** Provided records follows **

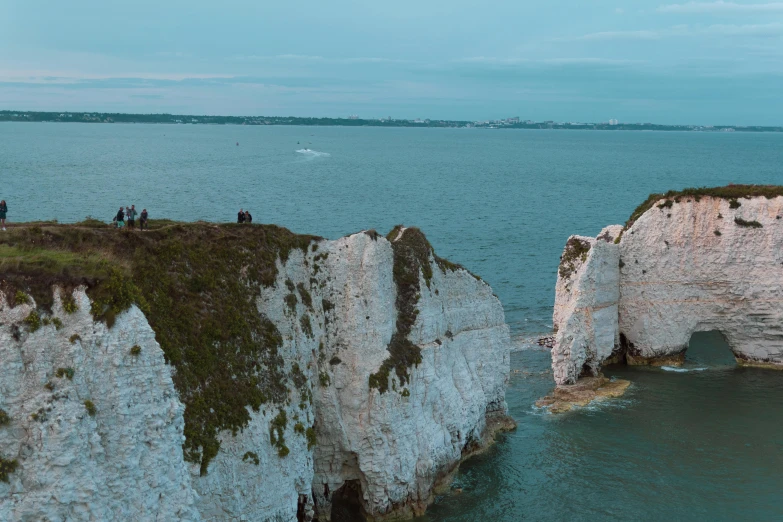 white cliffs with water and some people standing on one side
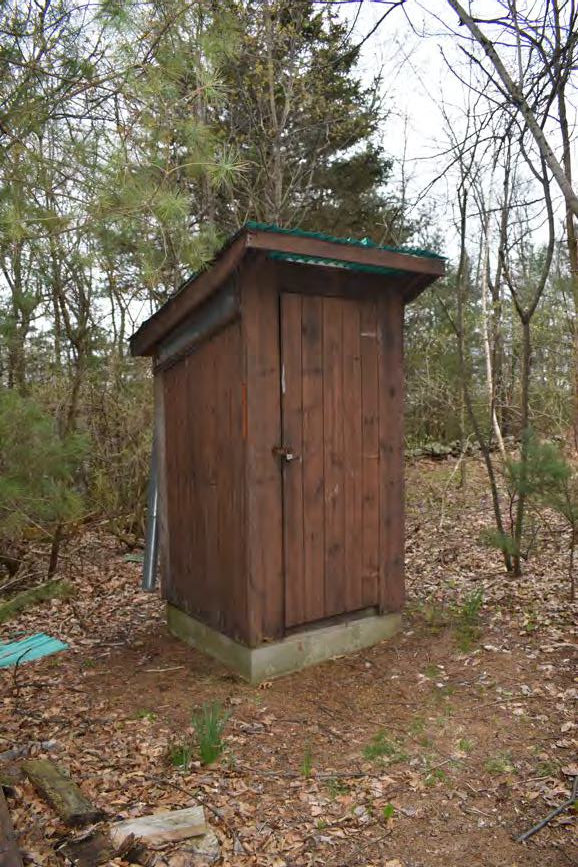 Warner Hill Fire Tower, Derry New Hampshire Outhouse southeast of telecommunication building (2022)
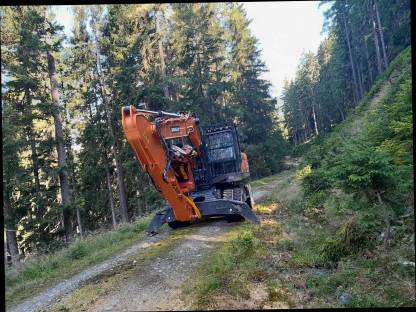 Doosan DX210W mit Woody H61
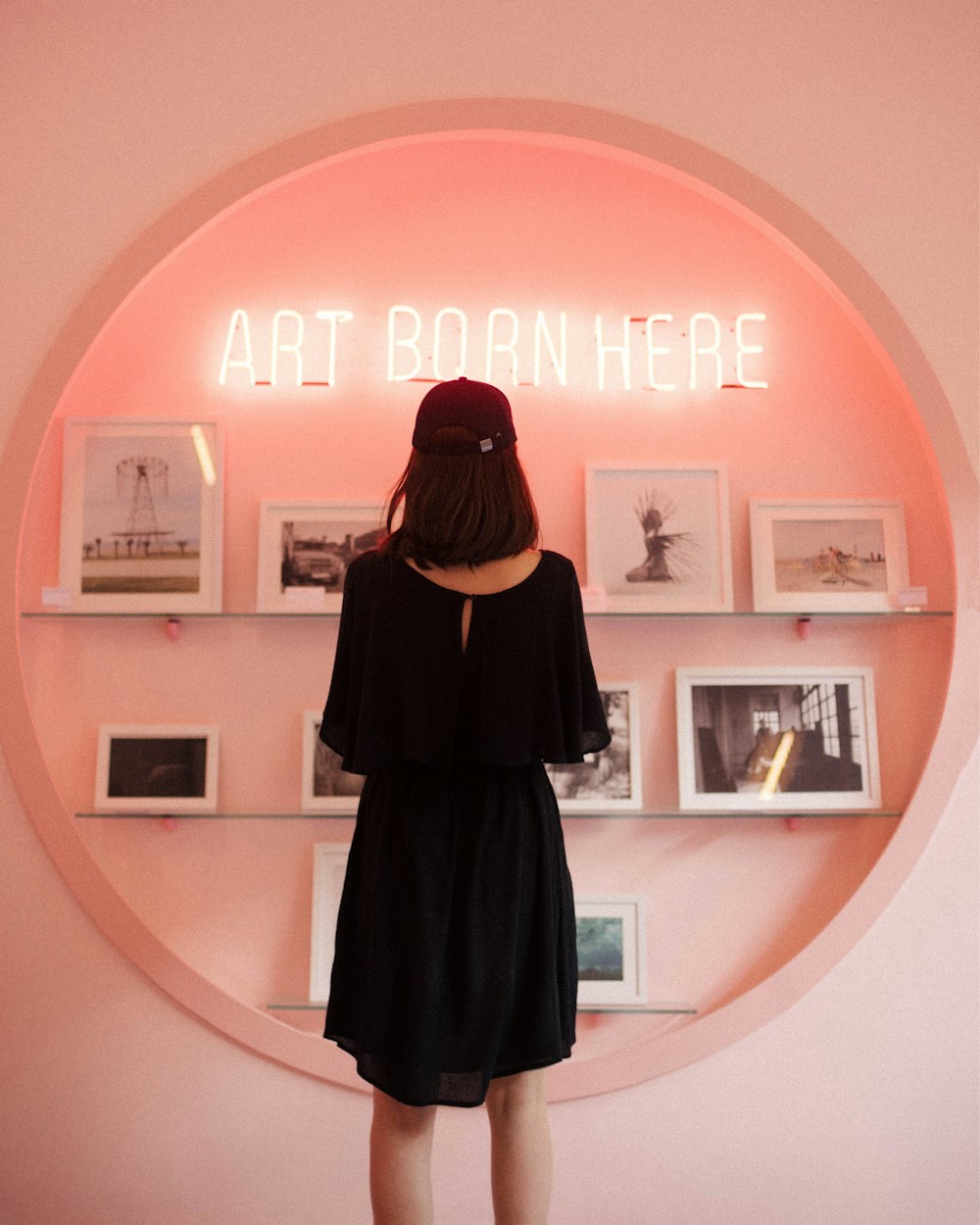 woman in black dress standing in front of white wooden shelf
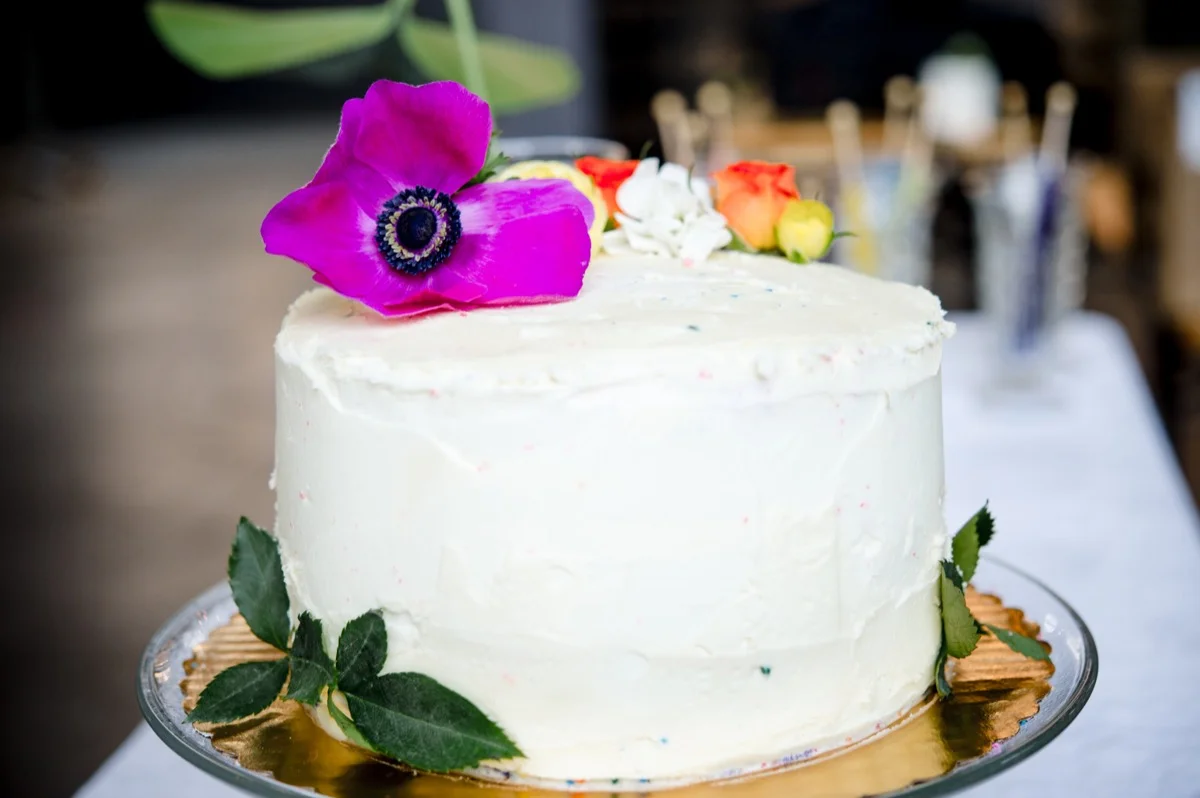 RAINBOW QUEER WEDDING INSPIRATION MICHELLE SCHAPIRO, DEANNA NAGLE, cake decorated with flowers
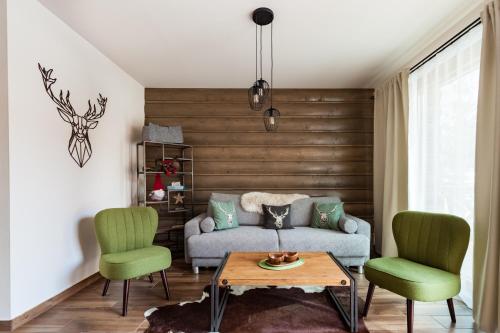 a living room with a couch and two chairs at Chalets Royal, Tatranská Lomnica in Tatranská Lomnica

** End of Provided records **

Leave every picture out, and repeat exactly the lines from the one containing "RAINBOW QUEER WEDDING" through the last line of the entries, both ends included.

• [Response for this exercise]
 RAINBOW QUEER WEDDING INSPIRATION MICHELLE SCHAPIRO, DEANNA NAGLE, cake decorated with flowers
 a living room with a couch and two chairs at Chalets Royal, Tatranská Lomnica in Tatranská Lomnica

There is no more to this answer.